Exercise aim →
Once the line with "연세우유 스트링치즈, 210g, 3개 대표 이미지 - 라클렛 치즈 추천" is found in the material, write out that line and every later line exactly, through the end.

Dataset section →
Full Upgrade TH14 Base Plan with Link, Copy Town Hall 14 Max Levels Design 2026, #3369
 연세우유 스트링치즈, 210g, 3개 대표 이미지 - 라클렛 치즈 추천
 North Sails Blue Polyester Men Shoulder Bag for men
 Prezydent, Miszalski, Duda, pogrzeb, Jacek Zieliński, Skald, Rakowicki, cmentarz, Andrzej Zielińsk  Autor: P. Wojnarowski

Your response →
 연세우유 스트링치즈, 210g, 3개 대표 이미지 - 라클렛 치즈 추천
 North Sails Blue Polyester Men Shoulder Bag for men
 Prezydent, Miszalski, Duda, pogrzeb, Jacek Zieliński, Skald, Rakowicki, cmentarz, Andrzej Zielińsk  Autor: P. Wojnarowski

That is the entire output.